Hey there! It looks like you're still facing some challenges with the cropping algorithm. To refine the results, you might consider adjusting the rotation angle or the order of operations slightly. Here’s a quick tweak you can try:
Ensure the rotation angle used in the transformation matrix is correctly calculated as negative if needed, since the rotation direction can affect the final output. Also, double-check the coordinates used for cropping to ensure they align with the rotated image's dimensions.
Here's a small modification to the code snippet:
# Correct angle for rotation direction
angle = -angle # Ensure the rotation is in the correct direction
# Apply affine transformation
M = cv2.getRotationMatrix2D(center, angle, 1.0)
rotated = cv2.warpAffine(image, M, (image.shape[1], image.shape[0]))
# Ensure coordinates are within image bounds
x1, y1 = np.clip(np.min(box, axis=0), 0, None)
x2, y2 = np.clip(np.max(box, axis=0), None, [image.shape[1], image.shape[0]])
# Crop the image
license_plate_crop = rotated[y1:y2, x1:x2]

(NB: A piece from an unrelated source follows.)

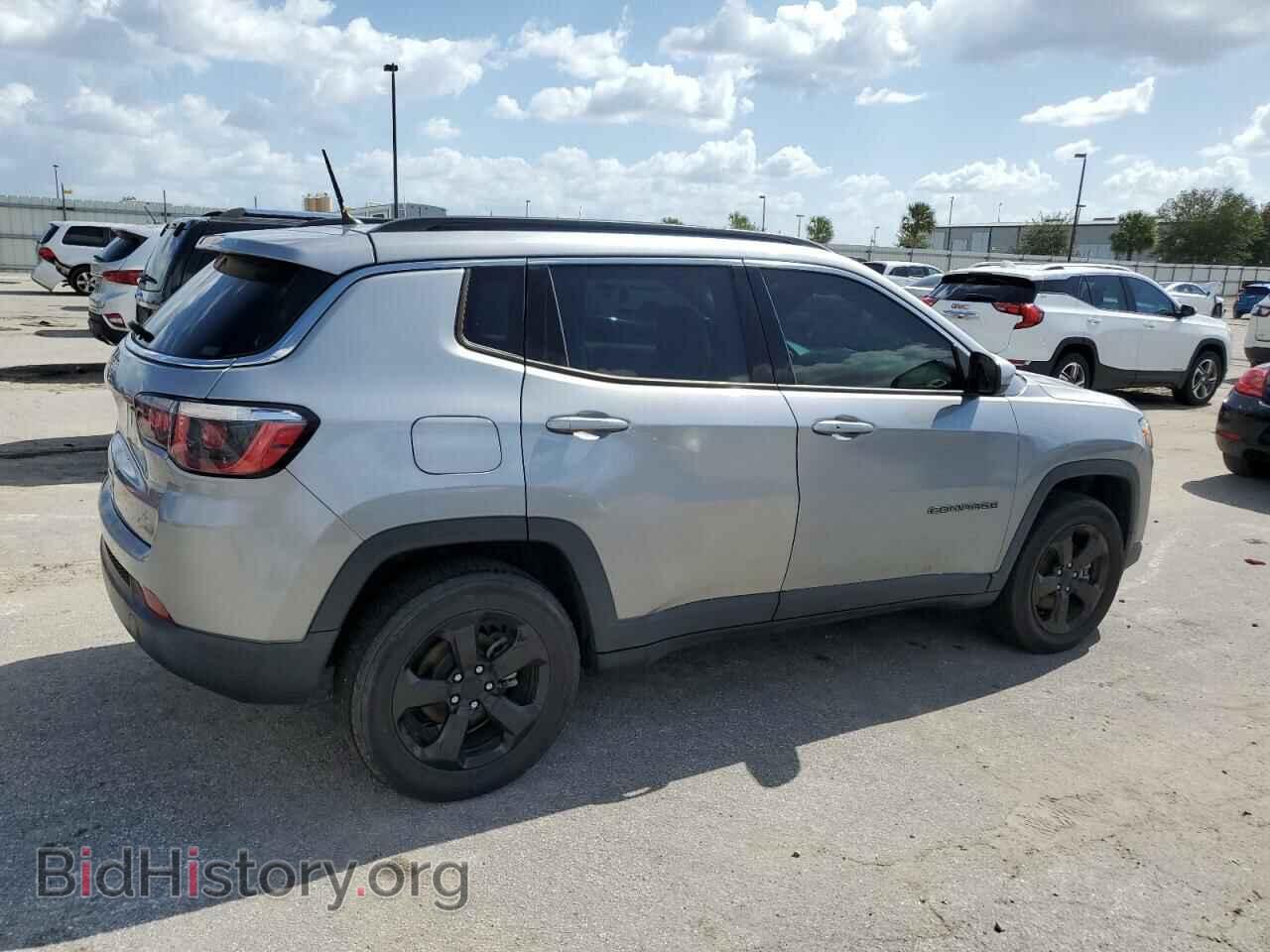 2017 JEEP COMPASS - VIN: 3C4NJDBB7HT680518 - Фото 3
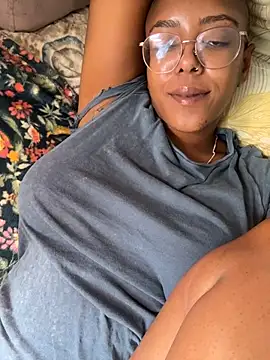 Snapshot of aliasyourfav chatting on November 9, 2025, 4:49 pm aliasyourfav online show from November 9, 2025, 4:49 pm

Give this a try and let us know how it goes! 🚀
@glenn-jocher The result seems to be even worse, it seems that the rotation angle does not produce the expected results
for result in results:
obb = result.obb # Oriented boxes object for OBB outputs
point = result.obb.xywhr.tolist()
for i, ob in enumerate(point):
xc, yc, w, h, angle = ob # Unpack the OBB
angle = -angle # Ensure the rotation is in the correct direction
# You'll need to perform additional steps to rotate and crop
# This is a simplified example, assuming `image` is your input image numpy array
center = (int(xc), int(yc))
M = cv2.getRotationMatrix2D(center, angle, 1.0) # Get rotation matrix for the given angle
# Apply affine transformation - rotating the image
rotated = cv2.warpAffine(image, M, (image.shape[1], image.shape[0]))
# Ensure coordinates are within image bounds
rect = ((xc, yc), (h, w), angle) # swapping w and h
box = cv2.boxPoints(rect)
box = box.astype(np.int32)
x1, y1 = np.clip(np.min(box, axis=0), 0, None)
x2, y2 = np.clip(np.max(box, axis=0), None, [image.shape[1], image.shape[0]])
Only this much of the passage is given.